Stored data

*** Block opens ***

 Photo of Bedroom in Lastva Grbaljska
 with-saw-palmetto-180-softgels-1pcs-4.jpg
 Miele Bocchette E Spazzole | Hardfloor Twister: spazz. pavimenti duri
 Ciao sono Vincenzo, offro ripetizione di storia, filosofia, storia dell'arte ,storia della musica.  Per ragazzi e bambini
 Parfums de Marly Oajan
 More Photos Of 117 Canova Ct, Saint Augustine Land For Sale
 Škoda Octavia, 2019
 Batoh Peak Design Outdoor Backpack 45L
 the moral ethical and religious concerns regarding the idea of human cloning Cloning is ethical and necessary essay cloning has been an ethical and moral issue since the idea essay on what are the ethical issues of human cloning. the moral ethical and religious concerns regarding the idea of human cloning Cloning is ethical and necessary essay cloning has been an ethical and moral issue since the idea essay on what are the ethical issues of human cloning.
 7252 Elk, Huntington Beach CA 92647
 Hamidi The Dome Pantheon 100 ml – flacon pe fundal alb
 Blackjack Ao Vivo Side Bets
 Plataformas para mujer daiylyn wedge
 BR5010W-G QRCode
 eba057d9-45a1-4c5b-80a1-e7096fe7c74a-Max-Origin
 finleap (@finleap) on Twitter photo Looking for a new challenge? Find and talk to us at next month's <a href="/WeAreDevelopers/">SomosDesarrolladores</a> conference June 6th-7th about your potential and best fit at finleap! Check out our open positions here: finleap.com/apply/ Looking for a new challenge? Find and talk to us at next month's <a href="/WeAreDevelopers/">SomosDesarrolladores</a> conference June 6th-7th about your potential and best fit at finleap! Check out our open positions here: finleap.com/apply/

*** Block closes ***
*** Block opens ***

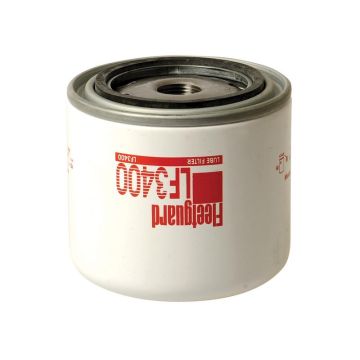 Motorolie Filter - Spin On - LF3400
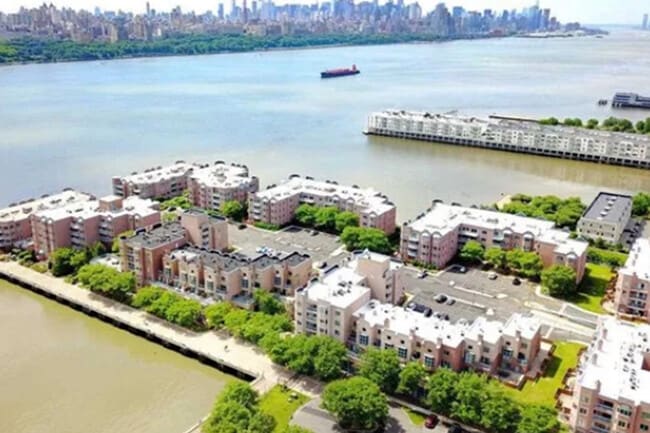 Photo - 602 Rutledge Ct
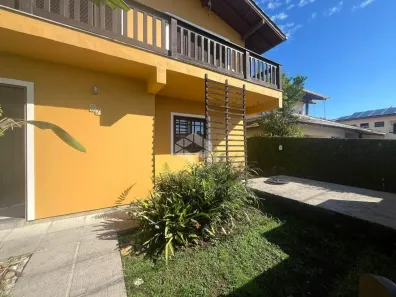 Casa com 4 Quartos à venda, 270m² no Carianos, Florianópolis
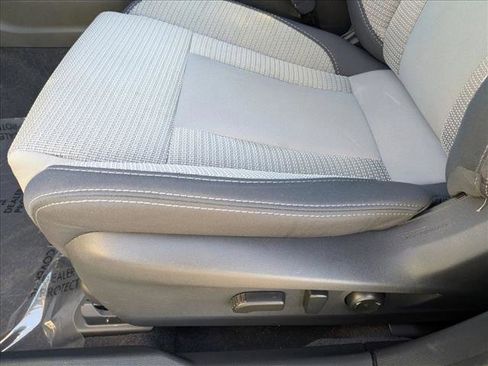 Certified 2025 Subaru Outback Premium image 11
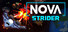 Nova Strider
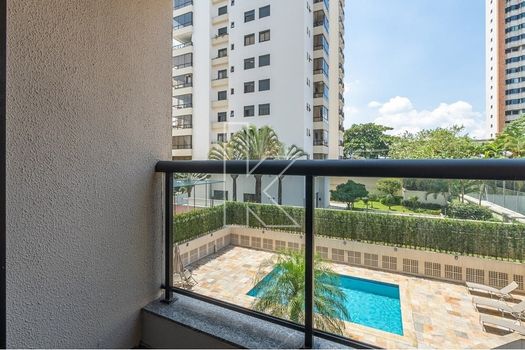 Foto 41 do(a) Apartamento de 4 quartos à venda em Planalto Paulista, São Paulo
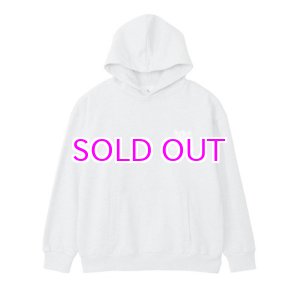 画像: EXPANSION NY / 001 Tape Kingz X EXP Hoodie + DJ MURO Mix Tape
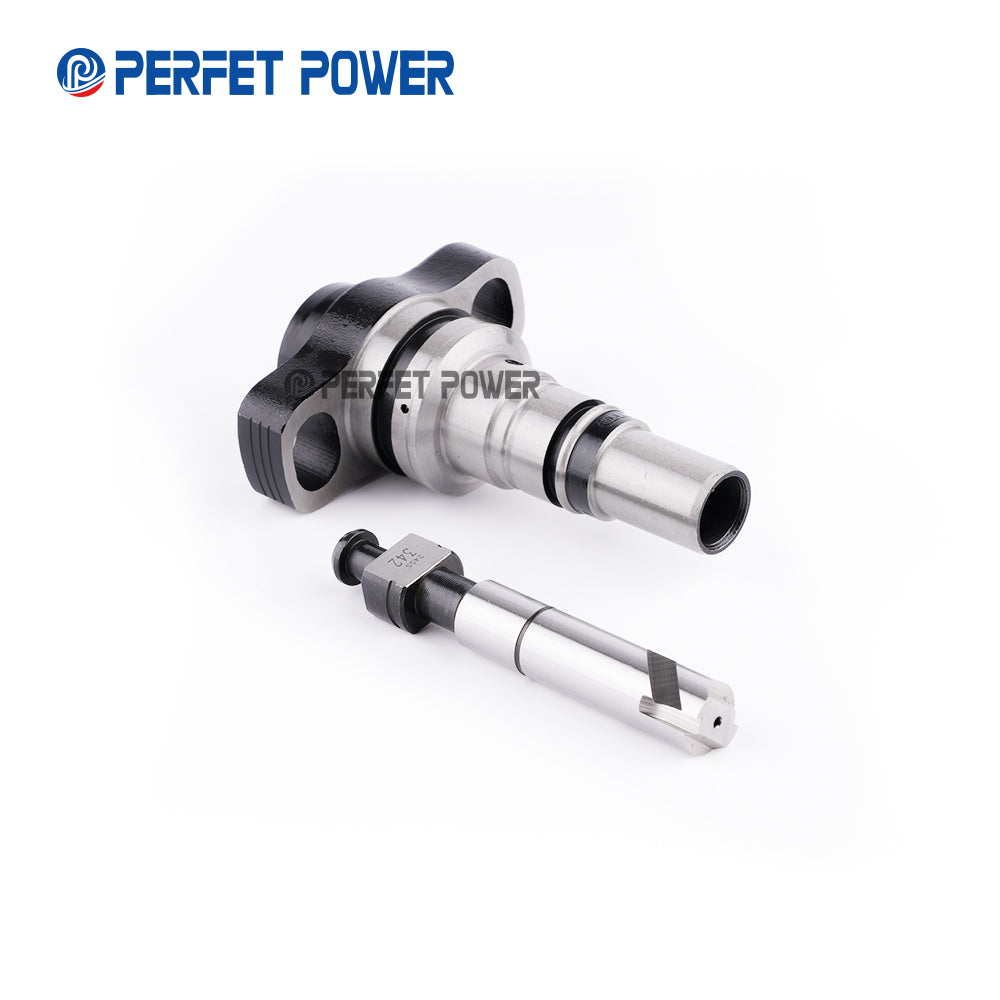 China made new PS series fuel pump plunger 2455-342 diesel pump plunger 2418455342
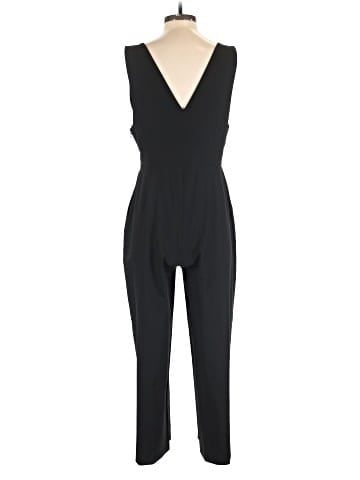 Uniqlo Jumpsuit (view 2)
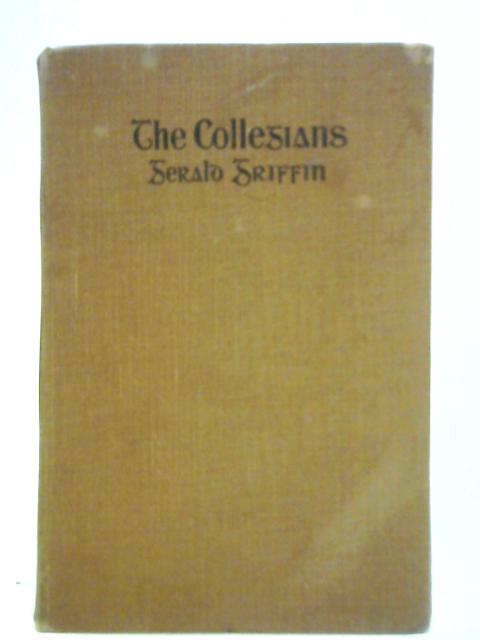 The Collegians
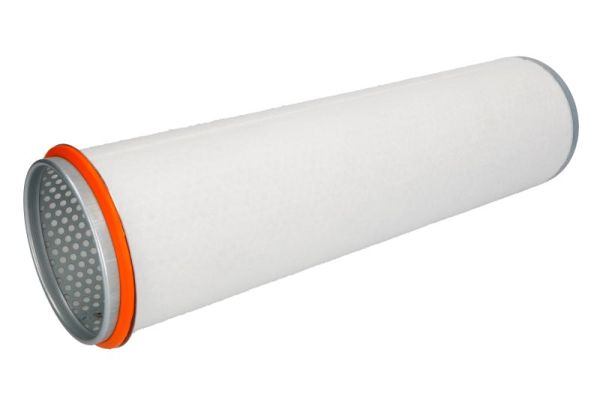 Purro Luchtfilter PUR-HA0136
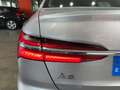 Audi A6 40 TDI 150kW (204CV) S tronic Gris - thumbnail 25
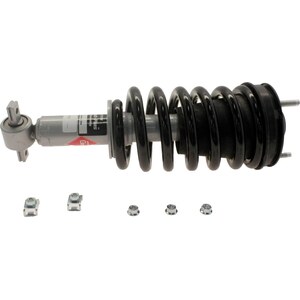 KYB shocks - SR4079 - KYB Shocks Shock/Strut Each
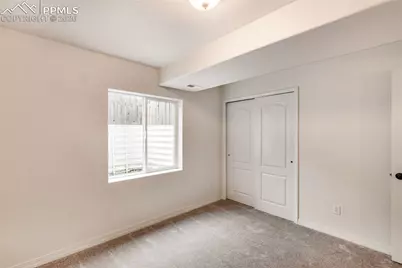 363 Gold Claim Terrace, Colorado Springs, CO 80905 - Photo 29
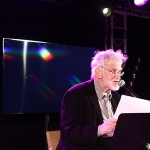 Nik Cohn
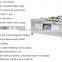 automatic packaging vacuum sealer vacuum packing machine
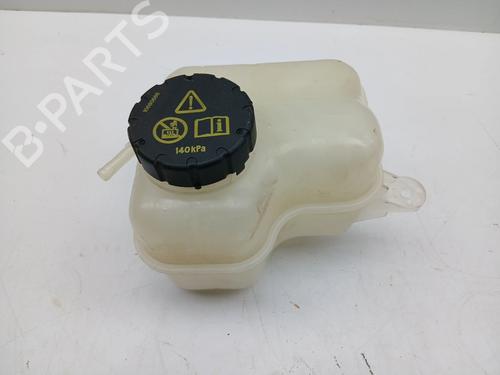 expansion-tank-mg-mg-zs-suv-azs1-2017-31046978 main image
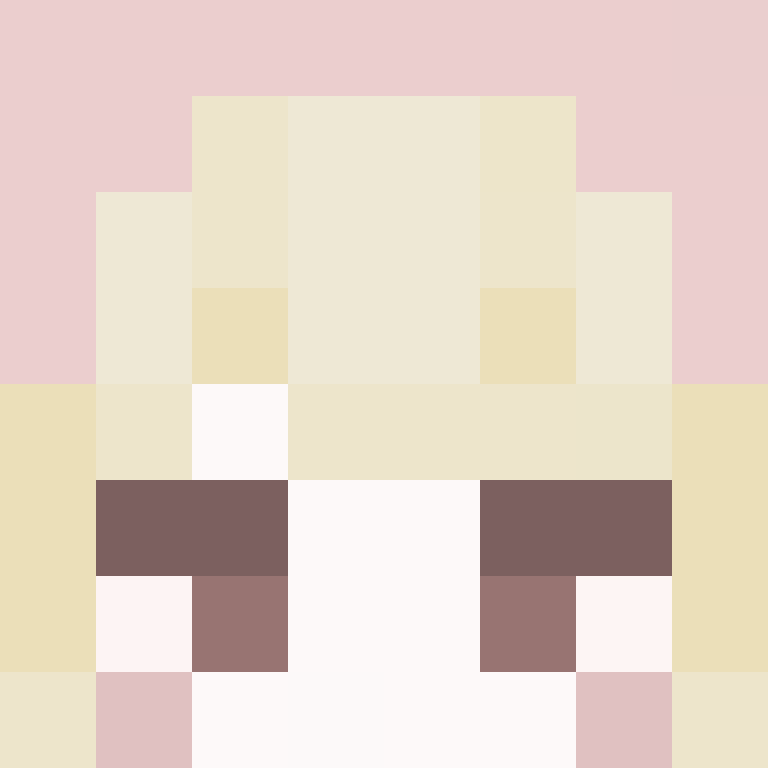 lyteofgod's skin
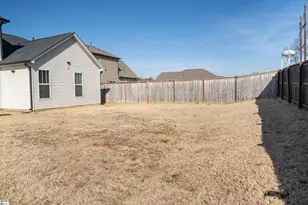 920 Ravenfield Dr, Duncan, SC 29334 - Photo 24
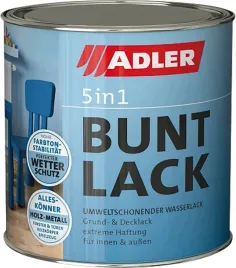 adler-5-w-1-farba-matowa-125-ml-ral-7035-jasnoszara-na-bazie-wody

*** Block closes ***

> What is expected
Return only the part above that opens with the line containing "Certified 2025 Subaru" and closes with the line containing "automatic packaging vacuum", exactly and with both ends, skipping the pictures.

> Response box
 Certified 2025 Subaru Outback Premium image 11
 Nova Strider
 Foto 41 do(a) Apartamento de 4 quartos à venda em Planalto Paulista, São Paulo
 画像: EXPANSION NY / 001 Tape Kingz X EXP Hoodie + DJ MURO Mix Tape
 China made new PS series fuel pump plunger 2455-342 diesel pump plunger 2418455342
 Uniqlo Jumpsuit (view 2)
 The Collegians
 Purro Luchtfilter PUR-HA0136
 Audi A6 40 TDI 150kW (204CV) S tronic Gris - thumbnail 25
 KYB shocks - SR4079 - KYB Shocks Shock/Strut Each
 363 Gold Claim Terrace, Colorado Springs, CO 80905 - Photo 29
 Nik Cohn
 automatic packaging vacuum sealer vacuum packing machine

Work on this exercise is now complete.